Have FITs payments reduced?
The initial FiT rates were generous, and the uptake of solar PV increased rapidly. As a result, in 2012 the government cut the rates for FiTs payments to control the cost. Even though the rate for FiTs payments has lowered, the cost of solar technology has reduced too. And, with rising energy charges, solar PV is still a good investment for many.
In February 2014, the government’s energy minister Greg Barker said anyone about to retire should think about putting money into solar panels, which offer a better financial return than a pension:
“Solar is a really attractive financial proposition,” Barker told the Telegraph. “You get a guaranteed tariff for 20 years and if your panel is well-sited, it could yield 8% or more. That is more than an annuity, particularly if you are in your 50s or early 60s.”
Who’s in charge of FiTs?
The Department for Energy and Climate Change (DECC) makes government policy decisions on FiTs. Ofgem, the energy regulator, is the scheme administrator. Your energy supplier makes the FiTs payments to you.

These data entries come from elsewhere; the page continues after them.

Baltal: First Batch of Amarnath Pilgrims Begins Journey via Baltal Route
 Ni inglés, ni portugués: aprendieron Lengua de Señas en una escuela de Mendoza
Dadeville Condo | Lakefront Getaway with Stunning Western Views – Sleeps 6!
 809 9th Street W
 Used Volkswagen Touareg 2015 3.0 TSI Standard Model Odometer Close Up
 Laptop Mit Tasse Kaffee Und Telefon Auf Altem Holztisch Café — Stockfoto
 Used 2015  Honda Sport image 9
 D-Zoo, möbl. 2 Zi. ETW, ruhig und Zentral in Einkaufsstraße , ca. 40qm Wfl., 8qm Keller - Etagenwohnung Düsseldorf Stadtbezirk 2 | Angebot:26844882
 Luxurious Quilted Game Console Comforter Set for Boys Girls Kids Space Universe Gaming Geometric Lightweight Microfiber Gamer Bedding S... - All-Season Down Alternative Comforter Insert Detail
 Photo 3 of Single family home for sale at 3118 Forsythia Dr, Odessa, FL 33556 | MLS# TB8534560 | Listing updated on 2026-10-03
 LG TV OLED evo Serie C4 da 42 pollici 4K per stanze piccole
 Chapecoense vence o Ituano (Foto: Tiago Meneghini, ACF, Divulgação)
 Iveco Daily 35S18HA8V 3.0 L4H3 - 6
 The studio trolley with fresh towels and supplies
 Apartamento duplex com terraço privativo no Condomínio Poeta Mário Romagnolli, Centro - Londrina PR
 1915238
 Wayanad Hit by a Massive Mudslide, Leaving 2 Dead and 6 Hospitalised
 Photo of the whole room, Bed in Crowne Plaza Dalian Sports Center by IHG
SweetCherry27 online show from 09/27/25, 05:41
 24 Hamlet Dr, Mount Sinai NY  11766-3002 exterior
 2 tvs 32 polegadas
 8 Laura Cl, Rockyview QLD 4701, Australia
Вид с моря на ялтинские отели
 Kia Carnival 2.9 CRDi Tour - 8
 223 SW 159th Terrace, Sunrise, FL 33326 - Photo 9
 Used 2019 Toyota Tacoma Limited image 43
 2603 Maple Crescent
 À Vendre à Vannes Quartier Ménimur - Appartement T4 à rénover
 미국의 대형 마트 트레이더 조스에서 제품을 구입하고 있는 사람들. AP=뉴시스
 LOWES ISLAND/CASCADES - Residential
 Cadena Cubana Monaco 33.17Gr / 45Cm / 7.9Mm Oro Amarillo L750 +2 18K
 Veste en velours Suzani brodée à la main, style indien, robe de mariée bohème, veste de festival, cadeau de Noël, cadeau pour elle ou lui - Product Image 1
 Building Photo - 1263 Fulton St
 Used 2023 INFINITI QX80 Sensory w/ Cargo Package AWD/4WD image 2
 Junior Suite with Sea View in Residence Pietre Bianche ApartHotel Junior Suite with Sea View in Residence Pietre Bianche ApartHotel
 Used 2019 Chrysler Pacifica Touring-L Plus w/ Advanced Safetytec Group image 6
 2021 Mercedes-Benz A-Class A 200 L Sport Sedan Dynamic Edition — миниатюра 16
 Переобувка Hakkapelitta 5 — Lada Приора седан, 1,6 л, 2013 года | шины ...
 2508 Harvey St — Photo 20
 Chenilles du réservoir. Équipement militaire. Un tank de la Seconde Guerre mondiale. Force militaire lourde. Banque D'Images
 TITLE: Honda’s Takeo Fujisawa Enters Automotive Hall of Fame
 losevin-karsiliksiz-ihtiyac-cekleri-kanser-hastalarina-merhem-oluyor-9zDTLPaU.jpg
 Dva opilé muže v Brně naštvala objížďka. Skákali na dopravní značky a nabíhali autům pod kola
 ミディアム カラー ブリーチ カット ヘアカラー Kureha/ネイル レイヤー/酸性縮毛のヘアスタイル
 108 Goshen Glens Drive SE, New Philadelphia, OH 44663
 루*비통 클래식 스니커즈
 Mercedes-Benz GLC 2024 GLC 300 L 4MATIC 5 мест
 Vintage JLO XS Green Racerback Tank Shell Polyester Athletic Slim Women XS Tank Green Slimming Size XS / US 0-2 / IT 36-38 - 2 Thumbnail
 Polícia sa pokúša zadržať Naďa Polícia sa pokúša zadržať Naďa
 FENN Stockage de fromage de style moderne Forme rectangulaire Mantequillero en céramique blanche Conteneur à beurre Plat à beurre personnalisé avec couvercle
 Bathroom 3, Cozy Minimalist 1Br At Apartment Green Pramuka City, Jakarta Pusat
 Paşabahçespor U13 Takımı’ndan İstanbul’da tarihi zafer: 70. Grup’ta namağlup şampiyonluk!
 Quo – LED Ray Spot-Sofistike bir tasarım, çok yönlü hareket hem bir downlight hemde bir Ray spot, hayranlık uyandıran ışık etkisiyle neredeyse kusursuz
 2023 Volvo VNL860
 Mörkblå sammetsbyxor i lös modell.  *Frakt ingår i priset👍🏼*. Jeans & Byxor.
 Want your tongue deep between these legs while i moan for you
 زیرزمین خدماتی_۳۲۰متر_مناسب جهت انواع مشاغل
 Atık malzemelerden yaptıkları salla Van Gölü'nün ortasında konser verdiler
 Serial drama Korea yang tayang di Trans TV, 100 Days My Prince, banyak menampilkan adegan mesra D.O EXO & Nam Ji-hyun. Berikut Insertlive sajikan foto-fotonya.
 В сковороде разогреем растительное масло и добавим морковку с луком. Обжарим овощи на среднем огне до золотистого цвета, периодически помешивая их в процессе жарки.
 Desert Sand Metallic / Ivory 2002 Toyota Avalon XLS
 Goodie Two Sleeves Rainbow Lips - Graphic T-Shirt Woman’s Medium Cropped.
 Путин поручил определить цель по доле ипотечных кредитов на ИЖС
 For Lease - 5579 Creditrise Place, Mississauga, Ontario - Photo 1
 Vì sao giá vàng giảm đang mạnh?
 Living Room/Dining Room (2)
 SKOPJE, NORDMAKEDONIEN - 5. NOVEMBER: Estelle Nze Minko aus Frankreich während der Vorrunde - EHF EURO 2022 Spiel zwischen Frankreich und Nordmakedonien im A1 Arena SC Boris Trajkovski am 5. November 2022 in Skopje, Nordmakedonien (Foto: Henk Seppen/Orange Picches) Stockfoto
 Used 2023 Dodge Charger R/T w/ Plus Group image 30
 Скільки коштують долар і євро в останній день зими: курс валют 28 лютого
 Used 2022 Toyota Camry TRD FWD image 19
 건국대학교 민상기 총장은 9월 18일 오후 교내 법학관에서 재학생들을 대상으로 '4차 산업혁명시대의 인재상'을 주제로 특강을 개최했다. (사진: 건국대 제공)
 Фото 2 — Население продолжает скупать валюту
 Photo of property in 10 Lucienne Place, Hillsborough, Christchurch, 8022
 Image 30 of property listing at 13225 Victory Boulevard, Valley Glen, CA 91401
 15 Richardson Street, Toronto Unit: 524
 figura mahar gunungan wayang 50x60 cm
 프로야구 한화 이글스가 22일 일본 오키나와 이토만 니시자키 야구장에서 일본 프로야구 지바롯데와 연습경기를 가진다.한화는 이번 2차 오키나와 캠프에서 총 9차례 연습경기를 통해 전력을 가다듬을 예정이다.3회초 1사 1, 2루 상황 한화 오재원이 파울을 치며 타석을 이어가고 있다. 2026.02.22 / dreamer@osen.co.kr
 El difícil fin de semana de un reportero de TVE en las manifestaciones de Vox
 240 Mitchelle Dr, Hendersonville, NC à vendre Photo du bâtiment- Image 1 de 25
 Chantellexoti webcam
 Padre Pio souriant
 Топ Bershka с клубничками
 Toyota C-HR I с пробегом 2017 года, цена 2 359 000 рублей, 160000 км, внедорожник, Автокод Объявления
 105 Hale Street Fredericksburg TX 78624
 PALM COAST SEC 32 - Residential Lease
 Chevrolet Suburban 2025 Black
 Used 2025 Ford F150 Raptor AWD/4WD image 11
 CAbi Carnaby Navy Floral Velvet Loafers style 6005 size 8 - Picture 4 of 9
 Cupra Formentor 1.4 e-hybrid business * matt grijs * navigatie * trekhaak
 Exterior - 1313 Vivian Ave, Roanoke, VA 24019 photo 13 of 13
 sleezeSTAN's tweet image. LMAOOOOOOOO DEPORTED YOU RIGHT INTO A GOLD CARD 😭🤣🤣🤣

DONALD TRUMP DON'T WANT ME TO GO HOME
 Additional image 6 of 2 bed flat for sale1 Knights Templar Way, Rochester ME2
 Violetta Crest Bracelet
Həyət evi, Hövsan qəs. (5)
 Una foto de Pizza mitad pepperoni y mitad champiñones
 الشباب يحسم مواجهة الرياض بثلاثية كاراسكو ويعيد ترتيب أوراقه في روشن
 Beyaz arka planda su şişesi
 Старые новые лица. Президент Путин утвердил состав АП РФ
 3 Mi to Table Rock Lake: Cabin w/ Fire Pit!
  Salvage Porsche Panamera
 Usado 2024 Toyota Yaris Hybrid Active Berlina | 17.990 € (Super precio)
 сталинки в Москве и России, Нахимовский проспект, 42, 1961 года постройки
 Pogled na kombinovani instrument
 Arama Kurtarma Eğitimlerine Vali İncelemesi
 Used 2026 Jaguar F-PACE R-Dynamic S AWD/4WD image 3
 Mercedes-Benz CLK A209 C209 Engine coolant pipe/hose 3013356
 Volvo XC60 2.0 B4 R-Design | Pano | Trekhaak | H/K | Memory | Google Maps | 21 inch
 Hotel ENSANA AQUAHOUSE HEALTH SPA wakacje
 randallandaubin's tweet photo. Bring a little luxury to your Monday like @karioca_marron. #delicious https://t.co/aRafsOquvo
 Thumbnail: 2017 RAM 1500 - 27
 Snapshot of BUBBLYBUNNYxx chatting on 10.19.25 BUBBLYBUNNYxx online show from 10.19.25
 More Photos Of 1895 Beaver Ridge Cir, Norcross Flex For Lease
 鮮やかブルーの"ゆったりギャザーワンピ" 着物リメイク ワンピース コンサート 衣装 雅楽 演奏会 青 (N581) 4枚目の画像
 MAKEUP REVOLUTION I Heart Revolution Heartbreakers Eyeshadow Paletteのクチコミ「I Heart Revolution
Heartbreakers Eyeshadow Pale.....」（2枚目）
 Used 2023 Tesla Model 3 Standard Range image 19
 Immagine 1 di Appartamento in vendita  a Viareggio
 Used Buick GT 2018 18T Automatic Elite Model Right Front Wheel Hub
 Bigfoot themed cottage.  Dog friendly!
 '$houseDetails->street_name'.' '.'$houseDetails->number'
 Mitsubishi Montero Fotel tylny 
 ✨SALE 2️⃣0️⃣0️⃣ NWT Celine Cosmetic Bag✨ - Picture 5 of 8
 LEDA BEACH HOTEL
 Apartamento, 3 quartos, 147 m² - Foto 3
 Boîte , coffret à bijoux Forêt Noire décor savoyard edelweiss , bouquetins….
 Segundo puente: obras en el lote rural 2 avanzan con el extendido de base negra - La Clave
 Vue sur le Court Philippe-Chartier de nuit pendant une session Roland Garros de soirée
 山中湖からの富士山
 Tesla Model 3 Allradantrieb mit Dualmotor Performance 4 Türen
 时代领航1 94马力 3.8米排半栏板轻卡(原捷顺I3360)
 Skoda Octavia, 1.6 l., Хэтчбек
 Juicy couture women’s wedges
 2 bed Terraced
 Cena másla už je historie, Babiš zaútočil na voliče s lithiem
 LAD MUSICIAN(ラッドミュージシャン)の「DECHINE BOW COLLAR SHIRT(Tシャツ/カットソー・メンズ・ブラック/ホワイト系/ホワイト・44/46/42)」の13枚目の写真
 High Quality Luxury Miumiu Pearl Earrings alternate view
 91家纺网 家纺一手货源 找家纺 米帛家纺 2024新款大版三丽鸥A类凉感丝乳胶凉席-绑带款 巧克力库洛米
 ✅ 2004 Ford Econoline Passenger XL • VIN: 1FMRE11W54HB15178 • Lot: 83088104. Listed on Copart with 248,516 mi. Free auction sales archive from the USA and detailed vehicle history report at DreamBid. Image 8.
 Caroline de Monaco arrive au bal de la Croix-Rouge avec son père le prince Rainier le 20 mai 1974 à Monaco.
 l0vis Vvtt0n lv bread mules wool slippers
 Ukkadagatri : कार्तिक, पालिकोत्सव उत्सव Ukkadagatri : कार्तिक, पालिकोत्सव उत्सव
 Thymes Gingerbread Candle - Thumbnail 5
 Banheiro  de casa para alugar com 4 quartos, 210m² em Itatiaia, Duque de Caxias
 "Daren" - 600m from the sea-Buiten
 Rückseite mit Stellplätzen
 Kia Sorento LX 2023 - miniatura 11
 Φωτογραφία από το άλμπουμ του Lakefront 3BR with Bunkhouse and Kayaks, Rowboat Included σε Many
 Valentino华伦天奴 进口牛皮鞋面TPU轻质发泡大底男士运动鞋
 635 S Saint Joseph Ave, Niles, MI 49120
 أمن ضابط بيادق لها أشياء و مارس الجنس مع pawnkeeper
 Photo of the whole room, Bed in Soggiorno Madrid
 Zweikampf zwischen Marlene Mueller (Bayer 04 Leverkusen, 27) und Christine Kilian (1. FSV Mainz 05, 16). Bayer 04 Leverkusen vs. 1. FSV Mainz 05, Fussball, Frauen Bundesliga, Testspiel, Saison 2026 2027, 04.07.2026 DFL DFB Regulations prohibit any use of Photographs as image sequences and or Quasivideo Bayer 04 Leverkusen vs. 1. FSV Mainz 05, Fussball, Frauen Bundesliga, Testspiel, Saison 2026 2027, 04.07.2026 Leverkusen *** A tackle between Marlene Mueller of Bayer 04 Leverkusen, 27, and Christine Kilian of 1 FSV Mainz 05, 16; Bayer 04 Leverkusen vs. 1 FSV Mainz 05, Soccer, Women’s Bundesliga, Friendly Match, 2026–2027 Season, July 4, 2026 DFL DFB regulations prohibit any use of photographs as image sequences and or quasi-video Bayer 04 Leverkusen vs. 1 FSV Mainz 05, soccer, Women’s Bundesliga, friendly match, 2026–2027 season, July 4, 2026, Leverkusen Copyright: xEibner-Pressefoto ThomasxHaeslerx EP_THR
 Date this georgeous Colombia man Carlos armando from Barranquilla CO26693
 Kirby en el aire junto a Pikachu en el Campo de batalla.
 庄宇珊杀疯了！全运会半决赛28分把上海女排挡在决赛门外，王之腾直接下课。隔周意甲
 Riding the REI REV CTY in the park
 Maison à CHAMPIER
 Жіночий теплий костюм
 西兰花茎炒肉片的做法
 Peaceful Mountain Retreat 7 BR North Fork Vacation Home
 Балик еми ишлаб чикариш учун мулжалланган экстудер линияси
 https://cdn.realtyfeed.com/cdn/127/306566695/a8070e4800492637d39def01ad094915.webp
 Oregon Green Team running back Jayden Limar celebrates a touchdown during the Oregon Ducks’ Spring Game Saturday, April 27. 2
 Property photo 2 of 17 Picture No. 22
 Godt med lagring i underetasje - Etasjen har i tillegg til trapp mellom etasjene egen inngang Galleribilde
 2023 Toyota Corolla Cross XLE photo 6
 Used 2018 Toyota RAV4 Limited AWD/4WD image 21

How do I qualify for FiTs payments?
To qualify for FiTs, your solar installer and the products they use must be certified under the Microgeneration Certification Scheme (MCS). Greensphere Renewable Energy and its products are certified by the MCS.
What tariff will I get?
The tariff you receive depends on two factors:
- Eligibility date
The eligibility date is when a solar installation becomes eligible for FiTs payments. For most renewable electricity systems, the eligibility date will be the date your FiTs supplier receives your valid application for FiTs.
- Energy Performance Certificate (EPC) rating
An EPC rates how energy efficient a building is, giving an idea of how much it’s likely to cost to heat and power. An EPC also states the building’s carbon dioxide emissions and how to improve its energy efficiency. EPCs are valid for 10 years.
Your property should have an EPC band of D or higher. If your EPC band is E, F or G you should carry out energy efficiency improvements before you apply for FiTs. Otherwise, you’ll get the lower rate FiTs payment for the life of the tariff (currently 20 years).